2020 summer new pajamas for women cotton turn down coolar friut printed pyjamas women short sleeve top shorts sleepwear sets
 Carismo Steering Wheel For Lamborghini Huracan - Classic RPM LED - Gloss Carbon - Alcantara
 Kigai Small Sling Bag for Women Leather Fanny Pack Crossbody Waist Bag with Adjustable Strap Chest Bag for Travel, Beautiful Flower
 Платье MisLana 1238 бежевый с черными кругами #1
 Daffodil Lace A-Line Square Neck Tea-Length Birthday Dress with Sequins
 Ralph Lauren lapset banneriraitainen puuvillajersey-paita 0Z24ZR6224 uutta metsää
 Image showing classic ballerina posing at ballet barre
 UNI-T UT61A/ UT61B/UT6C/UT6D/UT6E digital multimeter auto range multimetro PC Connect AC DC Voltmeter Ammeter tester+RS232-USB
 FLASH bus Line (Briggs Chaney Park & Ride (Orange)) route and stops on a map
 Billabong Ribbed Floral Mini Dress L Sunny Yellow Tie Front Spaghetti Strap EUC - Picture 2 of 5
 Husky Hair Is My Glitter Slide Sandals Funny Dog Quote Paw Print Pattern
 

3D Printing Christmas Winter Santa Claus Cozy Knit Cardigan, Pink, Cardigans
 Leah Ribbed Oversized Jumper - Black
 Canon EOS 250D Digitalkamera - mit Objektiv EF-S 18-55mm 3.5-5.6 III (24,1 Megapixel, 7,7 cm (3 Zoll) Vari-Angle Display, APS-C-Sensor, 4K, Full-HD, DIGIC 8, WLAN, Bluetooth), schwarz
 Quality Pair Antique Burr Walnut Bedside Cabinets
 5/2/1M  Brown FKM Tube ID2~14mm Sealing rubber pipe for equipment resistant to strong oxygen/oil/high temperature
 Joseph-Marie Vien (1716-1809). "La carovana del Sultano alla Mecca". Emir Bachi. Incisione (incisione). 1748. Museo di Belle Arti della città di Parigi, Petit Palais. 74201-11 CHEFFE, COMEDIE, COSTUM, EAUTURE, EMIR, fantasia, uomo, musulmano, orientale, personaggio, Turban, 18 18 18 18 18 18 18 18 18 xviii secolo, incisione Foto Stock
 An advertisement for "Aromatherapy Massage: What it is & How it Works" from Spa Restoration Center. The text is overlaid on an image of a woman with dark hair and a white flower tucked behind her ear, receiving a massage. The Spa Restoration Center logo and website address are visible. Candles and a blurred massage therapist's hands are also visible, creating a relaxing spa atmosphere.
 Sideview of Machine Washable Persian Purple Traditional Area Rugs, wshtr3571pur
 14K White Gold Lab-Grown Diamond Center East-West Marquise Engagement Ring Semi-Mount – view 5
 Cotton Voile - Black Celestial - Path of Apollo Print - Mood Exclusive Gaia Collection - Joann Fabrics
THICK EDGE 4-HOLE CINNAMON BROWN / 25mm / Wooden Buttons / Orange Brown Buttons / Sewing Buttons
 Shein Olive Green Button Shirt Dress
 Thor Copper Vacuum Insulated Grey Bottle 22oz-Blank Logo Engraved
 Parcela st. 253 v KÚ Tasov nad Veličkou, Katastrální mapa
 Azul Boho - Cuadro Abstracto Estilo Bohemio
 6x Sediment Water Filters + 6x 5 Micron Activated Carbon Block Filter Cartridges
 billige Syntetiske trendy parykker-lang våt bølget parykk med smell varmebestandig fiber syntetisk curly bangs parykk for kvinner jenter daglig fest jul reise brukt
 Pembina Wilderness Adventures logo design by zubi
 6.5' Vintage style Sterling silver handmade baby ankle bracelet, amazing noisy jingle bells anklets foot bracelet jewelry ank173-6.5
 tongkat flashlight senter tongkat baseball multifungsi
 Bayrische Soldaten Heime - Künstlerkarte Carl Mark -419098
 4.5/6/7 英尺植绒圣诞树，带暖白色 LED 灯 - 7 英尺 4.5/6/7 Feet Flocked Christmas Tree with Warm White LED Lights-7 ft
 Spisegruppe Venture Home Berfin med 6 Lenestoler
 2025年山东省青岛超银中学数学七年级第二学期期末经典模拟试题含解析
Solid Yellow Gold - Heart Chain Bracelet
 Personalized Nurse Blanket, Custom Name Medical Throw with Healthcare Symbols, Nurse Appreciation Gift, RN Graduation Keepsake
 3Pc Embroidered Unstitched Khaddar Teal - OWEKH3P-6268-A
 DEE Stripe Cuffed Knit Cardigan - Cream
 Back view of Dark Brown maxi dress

· · · ·

## Instructions to follow:
Could you transcribe the entries above word for word, from the line with "6x Sediment Water" down to the line with "billige Syntetiske trendy", keeping both?

## Reply to the task:
 6x Sediment Water Filters + 6x 5 Micron Activated Carbon Block Filter Cartridges
 billige Syntetiske trendy parykker-lang våt bølget parykk med smell varmebestandig fiber syntetisk curly bangs parykk for kvinner jenter daglig fest jul reise brukt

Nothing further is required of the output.